3. Pourquoi l’État ne veut pas de cette opération ? La séquence qui s’est jouée en quelques heures autour de Carrefour évoque évidemment le souvenir d’Alstom (2014). Une fuite dans Bloomberg, un ministre qui vitupère contre le projet de vente à l’étranger d’un «fleuron» français, une menace de décret pour bloquer l’opération. Mais il y a de grandes différences. Bruno Le Maire, à la différence d’Arnaud Montebourg, était prévenu. L’opération d’aujourd’hui n’était pas aussi ficelée que celle de GE et Alstom à l’époque – ou peut-être est-ce justement pour éviter cette impression de faute de lèse-majesté étatique que Couche-Tard et Carrefour ont autant insisté sur le caractère préliminaire de leurs discussions. Le décret sur les investissements étrangers dont se prévaut Bruno Le Maire aujourd’hui existe dans l’arsenal, quand Arnaud Montebourg l’avait écrit ad hoc. Certains avanceront que la protection d’Alstom Energie contre une prise de contrôle étrangère, fut-elle amicale, était infiniment plus justifiée que celle de Carrefour. D’un côté, des technologies clefs, dans un domaine éminemment stratégique et dans un secteur très concentré. De l’autre, une activité de distribution banalisée, où la France compte beaucoup d’acteurs et dont l’essentiel des emplois n’est pas délocalisables… Deux bémols à cette analyse s’imposent. Le premier, c’est qu’Alstom avait besoin du bilan de General Electric pour rester compétitif. L’équation financière de Carrefour n’est pas la même. Le second, c’est que l’époque a changé. Le premier confinement pendant lequel Carrefour s’est illustré en tête de gondole de la première ligne donne une justification politique a posteriori au raisonnement de Bruno Le Maire qui insiste sur le rôle de la grande distribution dans la «sécurité alimentaire des Français». L’argument est fragile. Canadien ou Français, Carrefour ne créera pas de risque de pénurie de «pâtes ou de riz» comme s’est laissé aller à l’envisager le ministre qui craint davantage un changement de politique de négociation commerciale et une pression accrue sur les producteurs.
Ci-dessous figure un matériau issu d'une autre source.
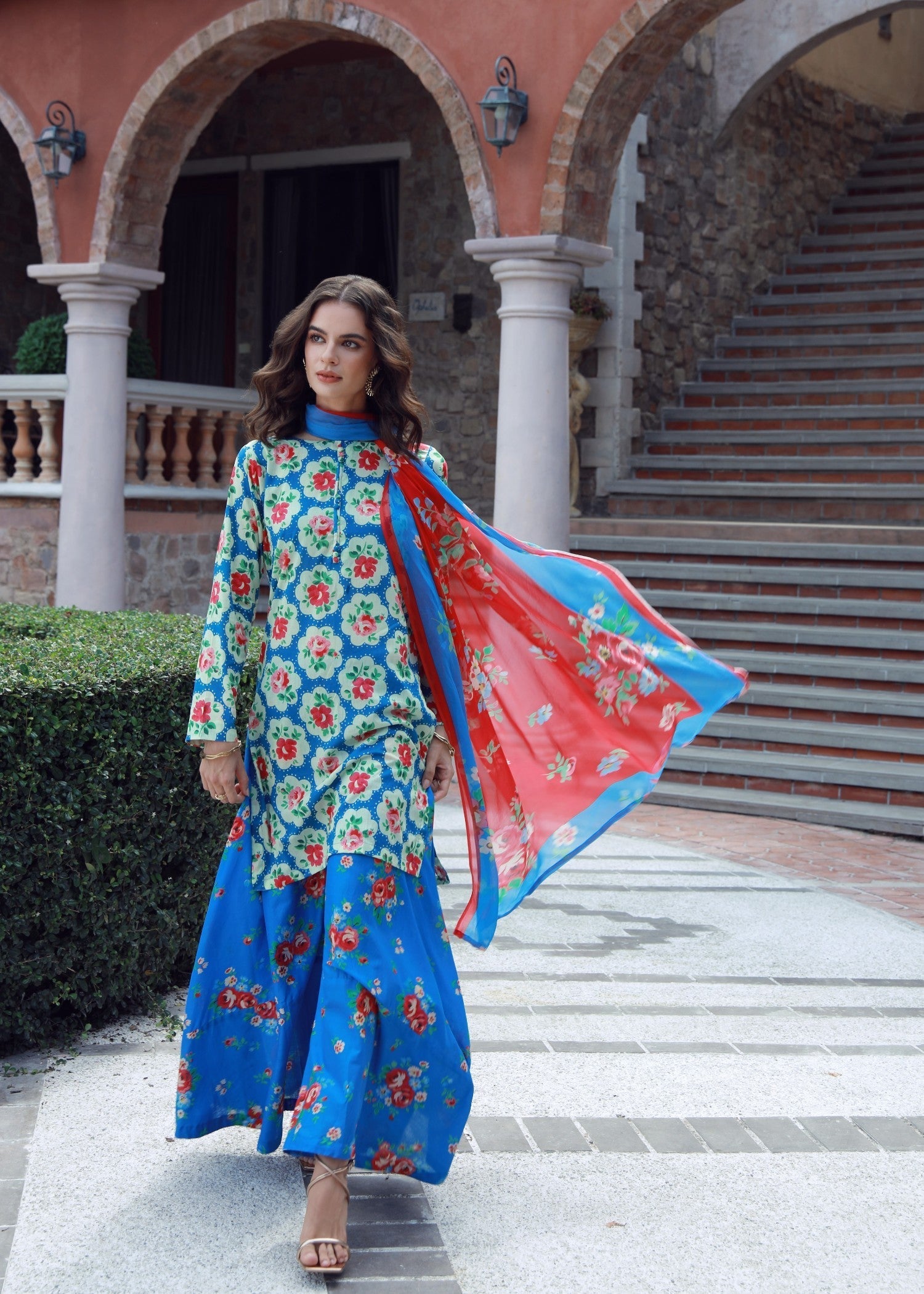 lawn Sharara in Blue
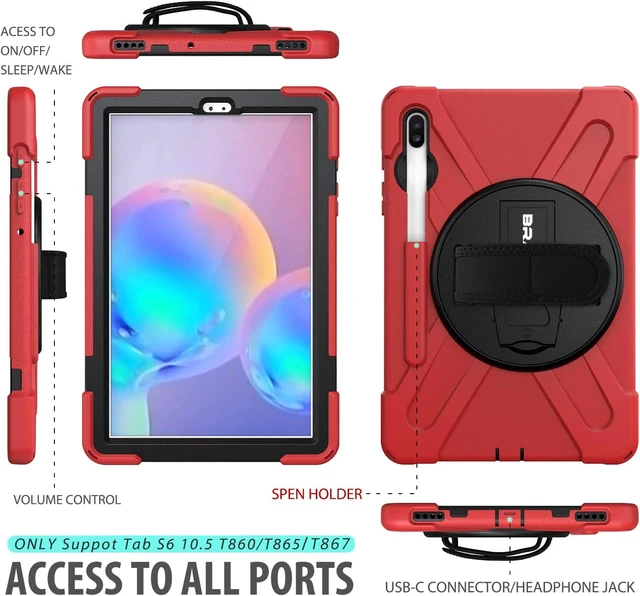 Alt view image 3 of 7 - Case for Galaxy Tab S6: 10.5" 2019 SAM-SUNG SM-T860/T865/T867 Red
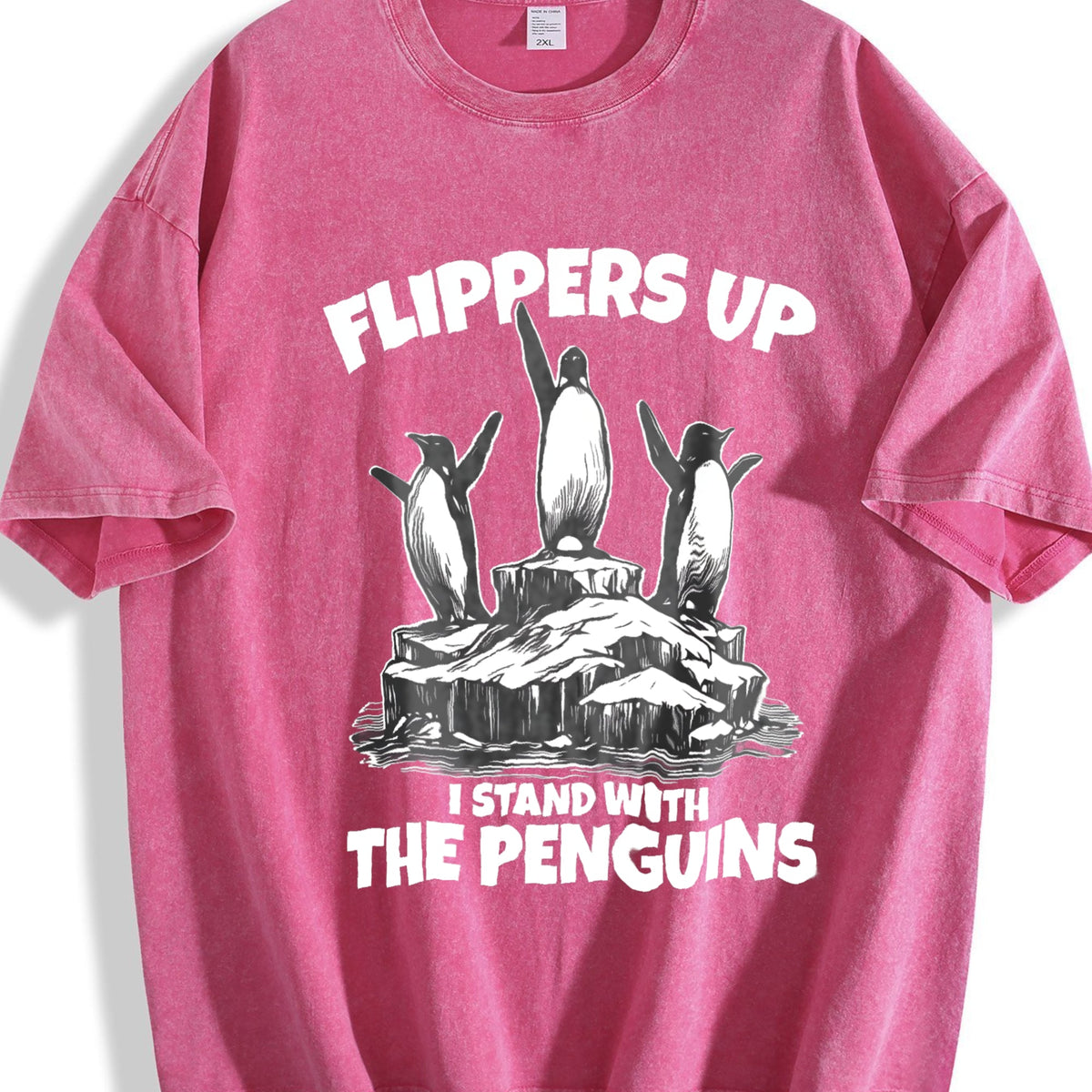 Flippers Up I Stand With The Penguins Vintage Washed T-Shirt product image 7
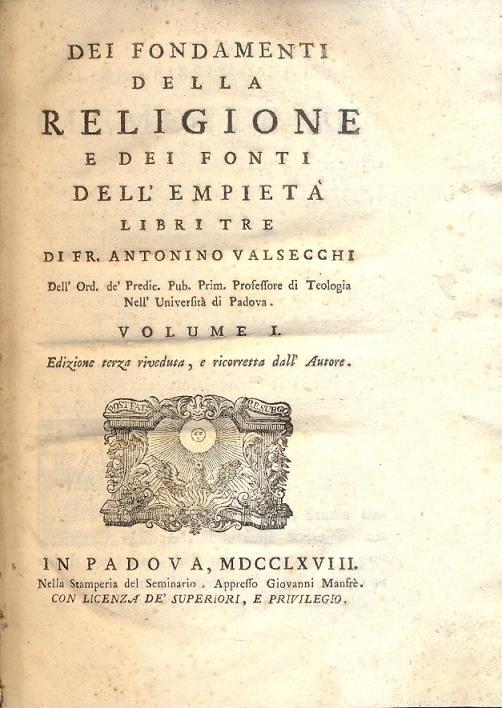 Dei Fondamenti della Religione e dei Fonti dell'Empietà - Antonio Valsecchi - copertina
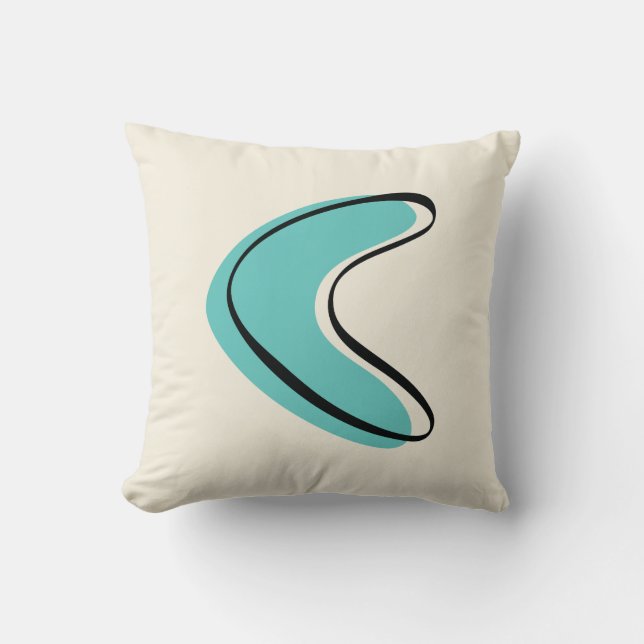 Mid Century Modern Dekorativ kudde i Turquise (Framsida)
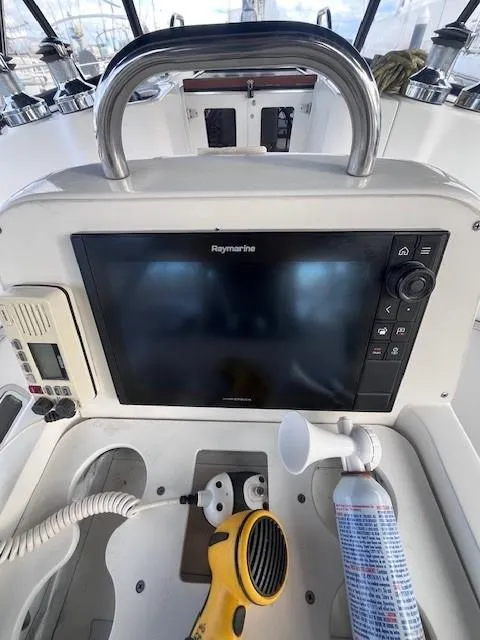 Slide: The Image of Boat cockpit with Raymarine navigation system, Hunter 401 model, 2001. - 17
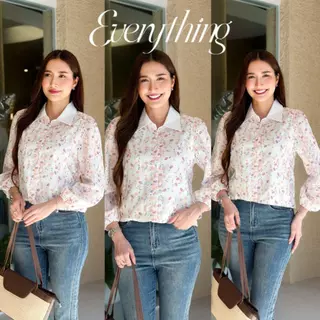 Everything2019 เสื้อผู้หญิงคอปก แขนยาว งานลูกไม้ฉลุ มีซับใน ดีไซน์เก๋ ใส่ทำงาน ใส่งานบุญ (2117)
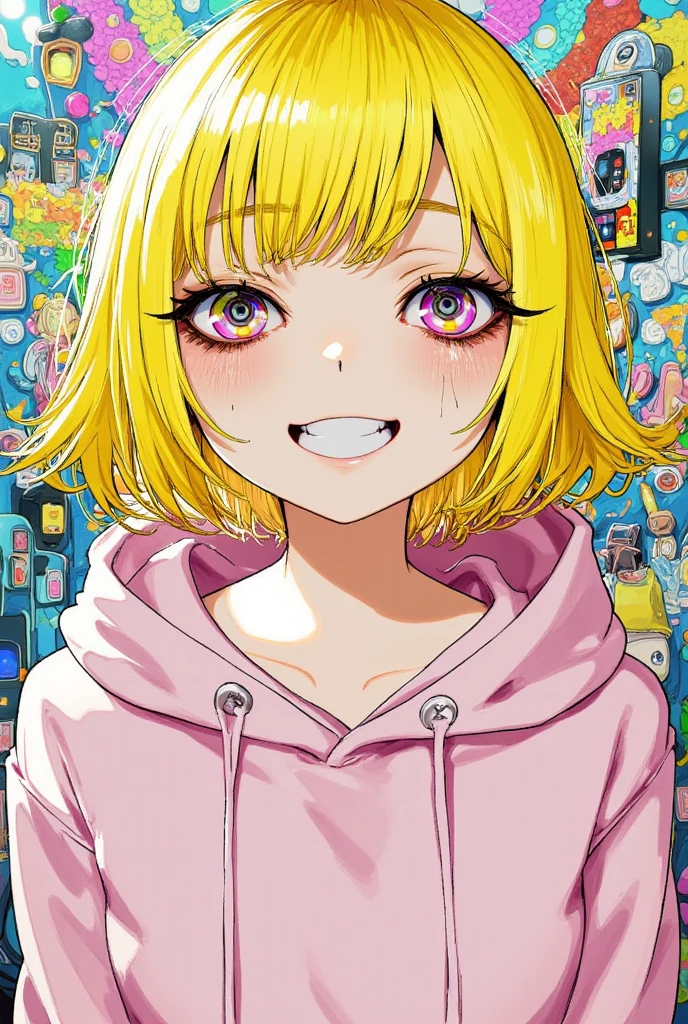 bags under eyes, bagy,1girl,solo,kawaii animation,look at me,yellow shor hair, hood, hoodie, tim burton style,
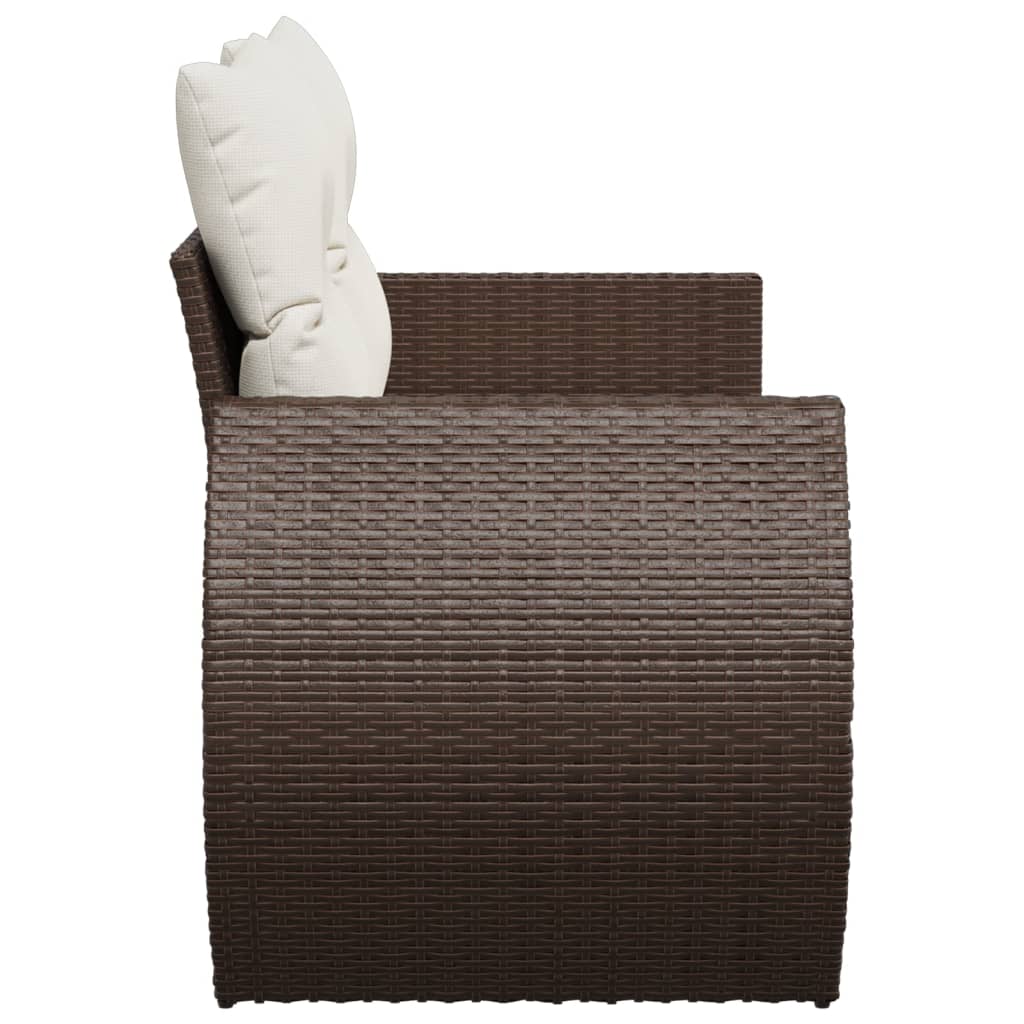 Tuinbank 2-zits met kussens poly rattan bruin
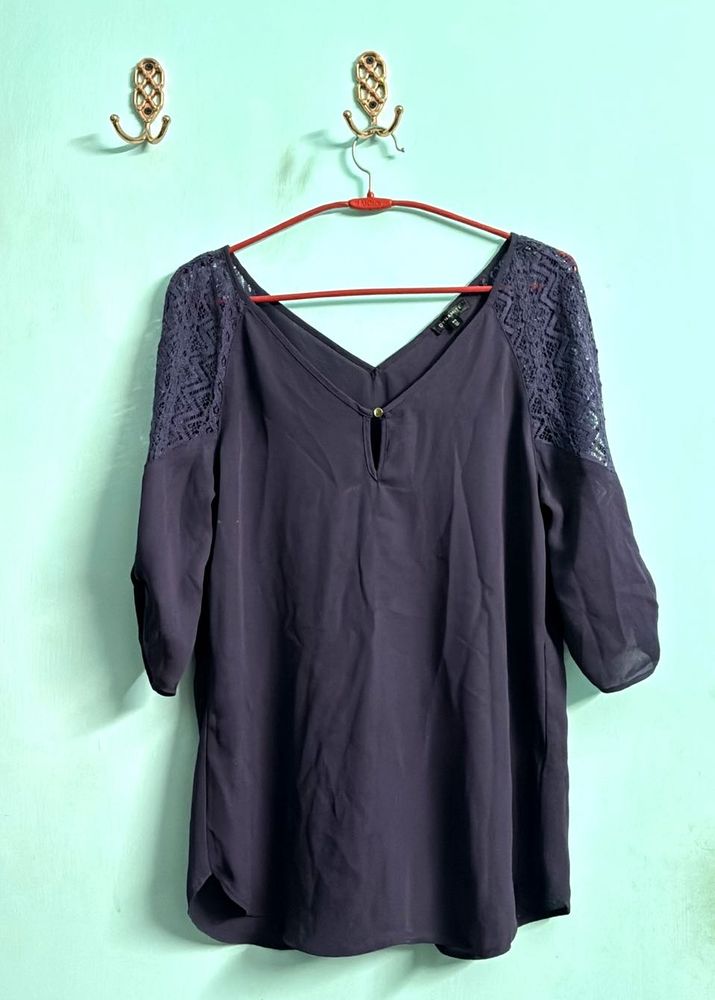 Purple V Neck Tunic With Net Detailing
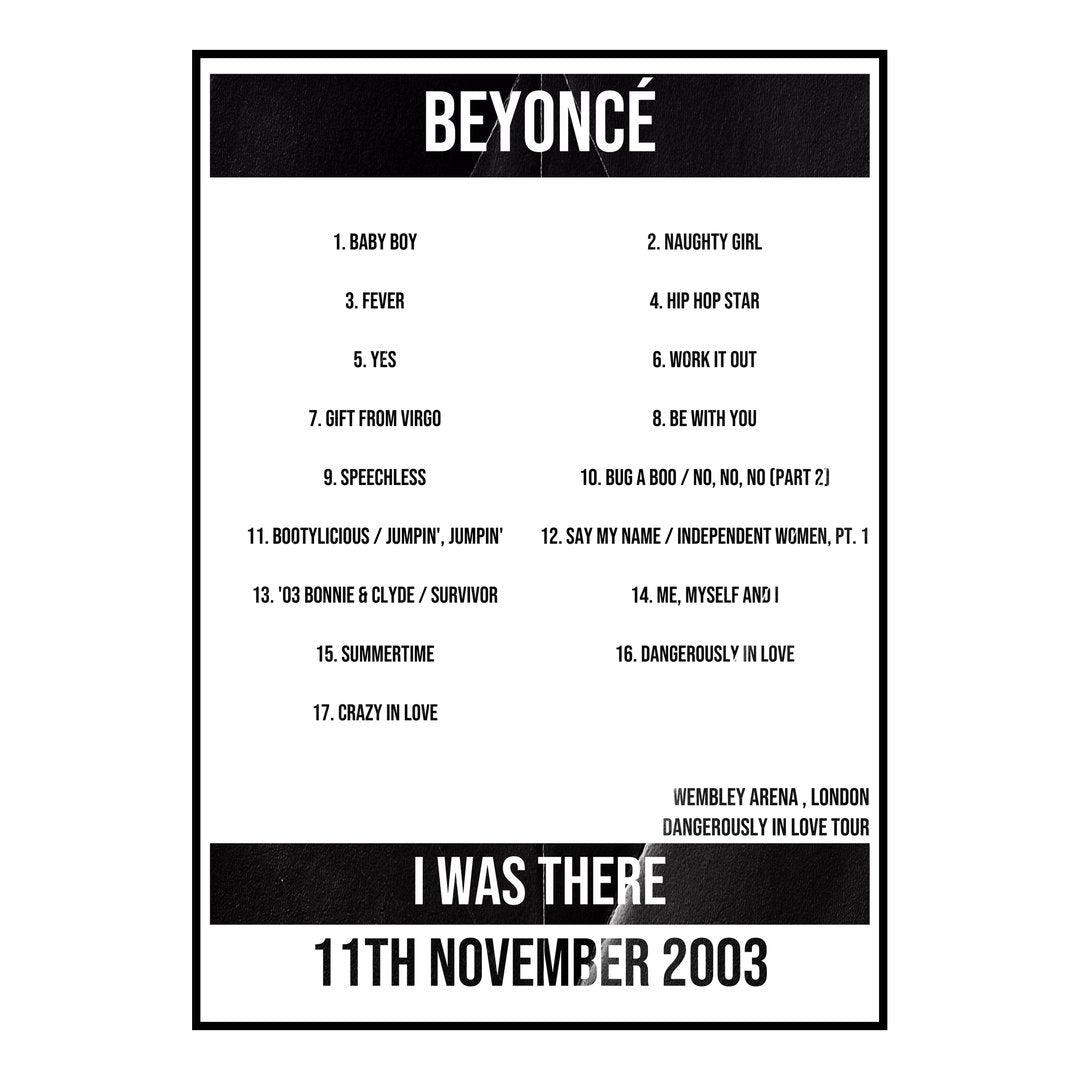 Beyoncé London 11th November 2003 Setlist poster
Surtout, en France comme ailleurs, l’air du temps est à la protection des champions nationaux. Bruno Le Maire mettait en garde mardi, lors de ses vœux à la presse, contre les opérations de prédation opportunistes que la crise, et la chute des valorisations sur fond de capitaux abondants, risquait de susciter. L’État français vient d’ailleurs de bloquer la vente de Photonis, spécialiste du matériel militaire de vision nocturne, par l’américain Teledyne. Avec Carrefour, il fait un exemple. «Ils ne passeront pas», dirait Emmanuel Macron…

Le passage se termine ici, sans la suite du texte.